Kendine bir kimlik oluşturmak yerine hazır olan seçenekler arasından bir tanesini satın almak çoğu zaman yaptığımız. Çünkü hazırda sunulanı almak bize, aldığımızda ne olabileceğimizin hayalini kurdurarak, hemencik demosunu gösterme yanılsamasıyla kendini satar Berger’in de dediği gibi. Dönemin en pahalı ve sükseli X marka elbise reklamını gören bir kadın, kendisinin reklamdaki mankene verdiği hayran dolu bakışlarının hayalini satın alır. Arzusu, o elbiseyle yolda yürürken erkeklerin kendisine göstereceği hayranlık dolu süzüşleri, kadınlarınsa kıskançlık dolu kaçamak bakışlarıdır. Bu bakışlarla elbise “müşterisi” arzulandığını ve onaylandığını hisseder. Neden sonra, belki nesneyi bir- iki kez kullandıktan bir süre sonra bu tatmin duygusu onu ilk günkü kadar doyurmayacak; kendi üzerindeki gözleri ve ilgiyi kaybettiği hissiyle onu yeni nesnelere sahip olmaya yöneltecektir. İçindeki bir his bunun sadece geçici bir çözüm olduğunu bilmesine rağmen, nefessiz kalmış biri misali, en azından ona kısa bir süre de olsa nefes aldıracak “oksijen maskesine”; yeni bir nesneyi satın almaya yönelir. Birkaç benzer deneyimden sonra, artık bağımlılık yapıcı döngüye dalmıştır ve ilk başta belli belirsiz hissettiği, bunun geçici bir çözüm olduğunu bildiği hissini bile unutmuştur. Kendine rol yaparak başka bir kimliğe bürünmüş, özünden kopmuştur ve küçük hazlarla/ hayallerle yaşamayı yeğler yönde kararı kendisinin verdiğinin farkında bile değildir. Kendisine özgü bir çizgi/ tarz, “markasız” bir benlik oluşturmanın ayıplanma, hatta sadece kayıtsızca beğenilmeme riskine giremeyeceği endişesiyle, o markanın kendisi yerine konuşmasını, hatta kimi zaman büyük puntolarla bağırmasını tercih eder; konuyu kısa yoldan kapatır.

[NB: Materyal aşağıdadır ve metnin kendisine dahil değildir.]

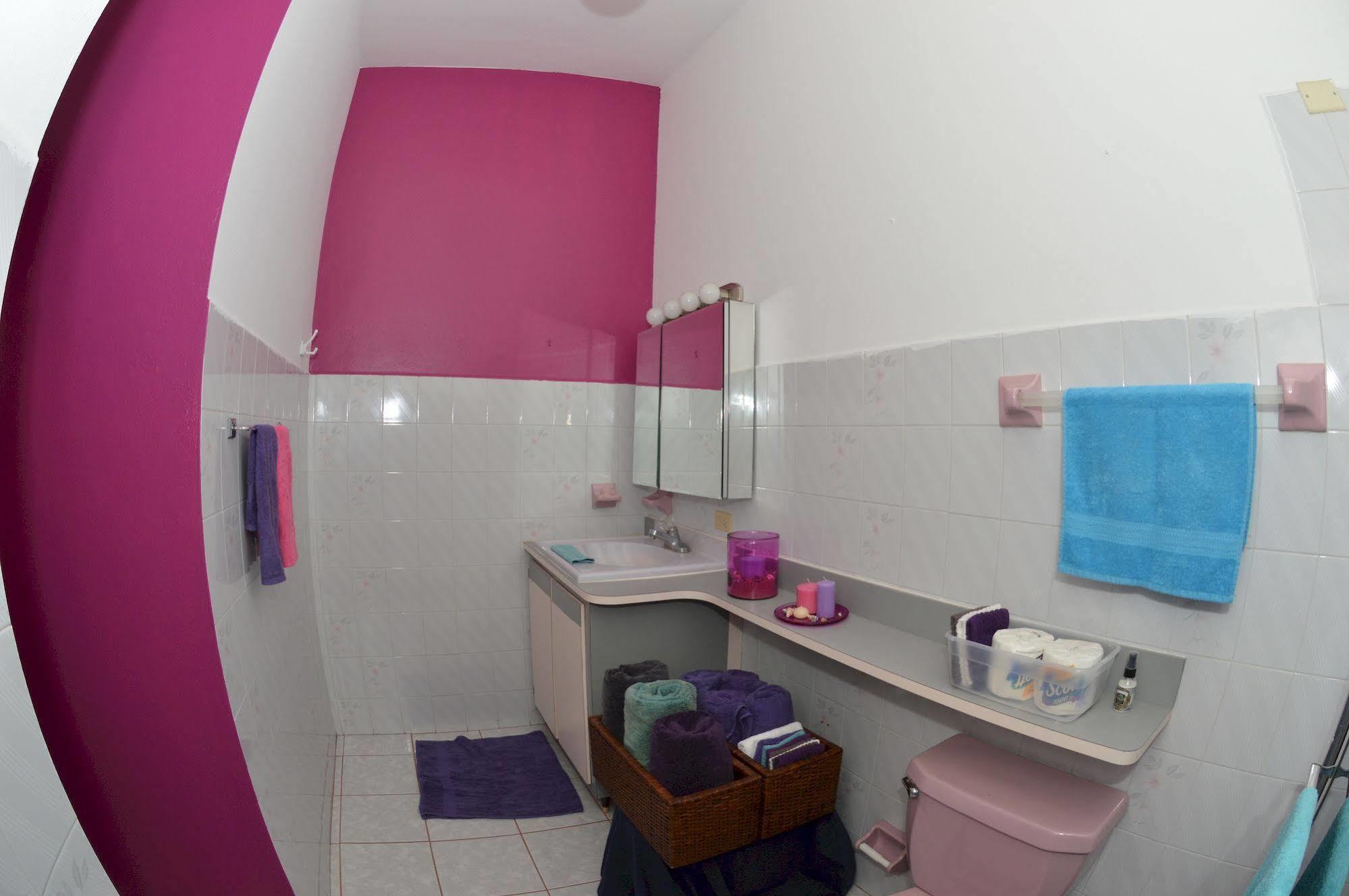 Wssm Surf House Aguadilla Exterior foto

Kimliğimizi maskelemesi için satın aldığımız metalar, sadece “markalardan” mı ibaret? Hayatımızda isimleşmiş şeyleri, çoğumuzun bizi tanımlamasına izin verdiğimiz şeyleri düşünelim… Kendimizi rahat hissetmediğimiz yeni bir arkadaş ortamına girdiğimizde kendimize konfor alanı yaratmak için bahsettiğimiz şeyleri düşünebiliriz: Belki gittiğimiz okul, mezuniyet derecemiz, mesleğimiz, hatta bir yakınımızın “başarılı “ gördüğümüz mesleği, oturduğumuz semt, kullandığımız araba, bildiğimiz diller, gösterişli dövmelerimiz, aylık okuduğumuz kitap “sayısı”, karantina döneminde kaç tane kitap yazdığımız, hatta edindiğimiz bazı “ezbere” bilgilerimiz bile bazen gerçek kimliğimizin önüne geçip onun savunma kalkanı olmaya kalkışabilirler. Bizim için özündeki anlamından kopup toplumsal hayattaki boşluk doldurma ihtiyacını karşılayan her tanım, bizi kendine bağımlı kılma yolunda ilk adımı atmış olur.

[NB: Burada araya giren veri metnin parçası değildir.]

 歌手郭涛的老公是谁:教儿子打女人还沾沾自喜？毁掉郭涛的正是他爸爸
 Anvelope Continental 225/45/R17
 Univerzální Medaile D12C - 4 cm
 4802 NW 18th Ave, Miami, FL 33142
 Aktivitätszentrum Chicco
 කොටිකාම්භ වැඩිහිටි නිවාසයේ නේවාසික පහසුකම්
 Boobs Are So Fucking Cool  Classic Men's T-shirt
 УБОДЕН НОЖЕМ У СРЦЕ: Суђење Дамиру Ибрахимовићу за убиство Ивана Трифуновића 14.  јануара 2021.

Tenimize kazıttığımız dövmeler bile, hangi bağlamda ve ne içsel amaçla yaptırdığımıza bağlı olarak bu sınıfa girebilir, kazanmayı istediğimiz “markaların” logosuna dönüşebilir. Böyle durumlarda, x marka olduğunu bağıran bir gömlek giymekle, yaptırdığı dövmeyi herkese göstermek için teşhir edici giysiler giymenin bir farkı yoktur. Dövmeye sahip olmak isteyen kişi, dövmenin kendisinden ya da anlamından çok, dövmeli insanların sahip olduğunu düşündüğü / düşündürtüldüğü kendince bir olguyu satın almak istiyor olabilir. Eğer böyle bir durumda kendimizi yakalarsak, o dövmeyi/ tanımı derimize, maskemize yaptırmayı durdurmaktan ve kendimizi bu duygudan dolayı yargılamaktan ziyade, içimizde bunu yapmamıza neden olan olguyu, duyguları yakalayıp tanımlayalım; o bizi zoraki ve kalıplaşmış bir biçimde tanımlamadan önce. Ancak bu şekilde, onları standart bir yapı olarak benliğimize ithal etmekten çıkarıp, kendimize özgü, bilinçli ve cesur bir şekilde benliğimize mal edebiliriz.